ASCII files were compact and easy to read. A program could just read in each byte from a file and convert the numeric value of the byte into the corresponding letter. But ASCII only had enough numbers to represent 95 printable characters. Later software manufacturers extended ASCII to 8 bits, which provided an additional 128 characters, but 223 characters still fell far short of the thousands required to support all non-European languages.

Unicode overcomes the limitations of ASCII by using one or more bytes to represent each character.
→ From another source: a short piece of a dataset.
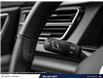 2025 Volkswagen Atlas 2.0 TSI Peak Edition (Stk: 75110) in Saskatoon - Image 25 of 26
Using this system, Unicode can currently represent over 90,000 characters.

6.8.3. How Do You Use Unicode?

In the early days, Python could only handle 8-bit ASCII. Strings were simple data types. To manipulate a string, a user had to create a string and then pass it to one of the functions in the string module. Then in 2000, we saw the releases of Python 1.6 (and 2.0), the first time Unicode was supported in Python.

In order to make Unicode strings and ASCII strings look as similar as possible, Python strings were changed from being simple data types to real objects. ASCII strings became StringTypes and Unicode strings became UnicodeTypes. Both behave very similarly. Both have string methods that correspond to functions in the string module. The string module was not updated and remained ASCII only. It is now deprecated and should never be used in any Unicode-compliant code. It remains in Python just to keep legacy code from breaking.

Handling Unicode strings in Python is not that different from handling ordinary ASCII strings. Python calls hard-coded strings string literals. By default all string literals are treated as ASCII. This can be changed by adding the prefix u to a string literal. This tells Python that the text inside of the string should be treated as Unicode.

>>> "Hello World"   # ASCII string >>> u"Hello World"  # Unicode string

The built-in functions str() and chr() were not updated to handle Unicode. They only work with regular ASCII strings. If a Unicode string is passed to str() it will silently convert the Unicode string to ASCII. If the Unicode string contains any characters that are not supported by ASCII, str() will raise an exception. Likewise, chr() can only work with numbers 0 to 255. If you pass it a numeric value (of a Unicode character, for example) outside of that range, it will raise an exception.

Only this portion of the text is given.